Day brings up another pleasant memory. “We went to Disneyland when I was seven … we were a happy family then,” he adds, his smile vanishing.

But Day doesn’t dwell on the bad times, other than to say that his father was abusive.

Because Spencer was severely depressed, his mother sent him at age nine to live with his grandparents in Arizona — a move he refers to during his live shows as “escaping the Jello belt.” Within a year, his mother and siblings followed. “My mother raised the kids on her own,” he adds.

Because his parents “had problems,” Day notes that his brothers and sister remain close. “The Day kids are connected at the hip,” he jokes.

Day graduated from high school in Arizona. Throughout the high school years, his focus was on music, with favorites like “The Wizard of Oz” and “Nutcracker Suite.” With music, he could escape to a place where his imagination ran free.

The promised land

In and out of the Mormon Church, Day said he didn’t feel comfortable in his skin until his best friend invited him to visit in California.

“She was now living in San Carlos so I came out from Arizona to see her. One day, we went to San Francisco. That was it ... I knew I had to be there. I rushed back home and packed all my things and moved as fast as I could to San Francisco. I was 19.

“California was a wonderland of things you couldn’t do (elsewhere). I went wild ... I was a raver, I did tons of drugs, I partied. I got into electronica.”

But his move also allowed him to expand his musical knowledge.

It was during his first San Francisco stay and a move later to Los Angeles that he discovered singers like Billie Holiday and Ella Fitzgerald.

“I went to a lot of clubs, I had fun, yet I felt like I was just passing through. I moved to Los Angeles, I think, just so I could have some kind of ‘Chinatown’ film noir experience. I wanted to be lost.”

Instead, Day made friends. And he began to sing. A roommate heard him singing in the shower one day and strongly suggested Spencer expand on his love of music. Convinced that Day could have a career in music, another friend bought him an electronic keyboard.

Day took his friends’ advice and enrolled in singing classes at LA. City College. Around this time he discovered the late Chet Baker, jazz trumpeter who also sang a number of songs on recordings.

“My voice was small at the time and I think I bonded with (Baker’s) voice because it was also small. It was Baker and Ella that made me love jazz,” he said.

Day worked at odd jobs in order to support himself and showed up at the Burning Man Festival every year. More importantly, taking his musical talent seriously, he began to write music. Nothing monumental, he says now, but it was a start.
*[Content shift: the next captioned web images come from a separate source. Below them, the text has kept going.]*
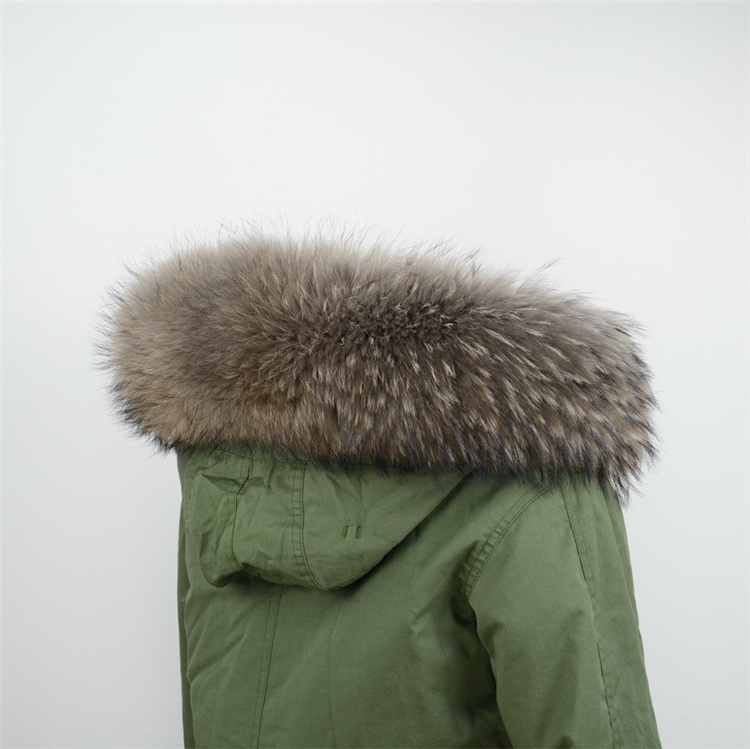 Newest Lining 70cm Real Fur Collar Genuine Raccoon Fur Trim Scarf For Women Man Jacket Parka Fashion Warm Hooded Collar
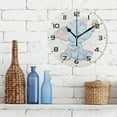 thumbnail image 3 of GZHJMY Cute Baby Elephant with Butterfly Wall Clock, 10" Silent Non Ticking Round Clock, Oil Painting Easy to Read Clock for Living Room Bedroom Bathroom Home Decor Holiday Gifts, 3 of 7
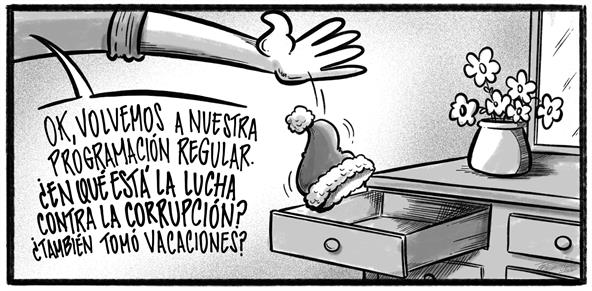 Caricatura de Noticiero Poteleche 6 enero 2026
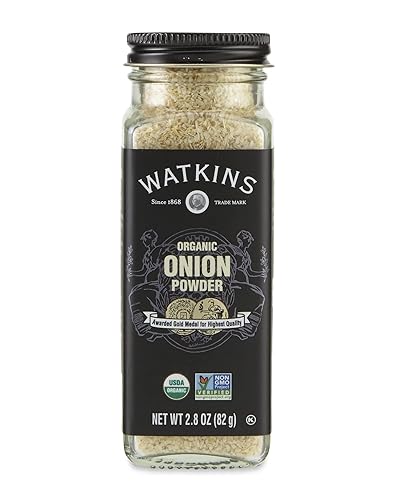 Watkins Gourmet Organic Spice Jar, Onion Powder, 2.8 Oz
He also began to perform in neighborhood piano bars. But it wasn’t easy. He suffered from stage fright and admits to “throwing up before I went on stage.”

Day credits the late Michael Greer, a creative Tinseltown comic, with helping him launch a professional career in music.

“He was my first real mentor  ... he encouraged, and he was critical when I did things all wrong. He even helped me get a few gigs, including a retirement home in Palm Springs.

“I auditioned for a piano bar gig (suggested by Greer) and I got it. Honestly, I knew five songs...and people would ask me to play ‘Teach Me Tonight’ or some other standard. I promised them I would learn it by next week. The customers requested songs they liked and I had to learn them.”

Back in Baghdad

Day had made lifetime friends while he was partying in San Francisco. So, after three years in Los Angeles, he returned to what beloved columnist Herb Caen called “Baghdad by the Bay.”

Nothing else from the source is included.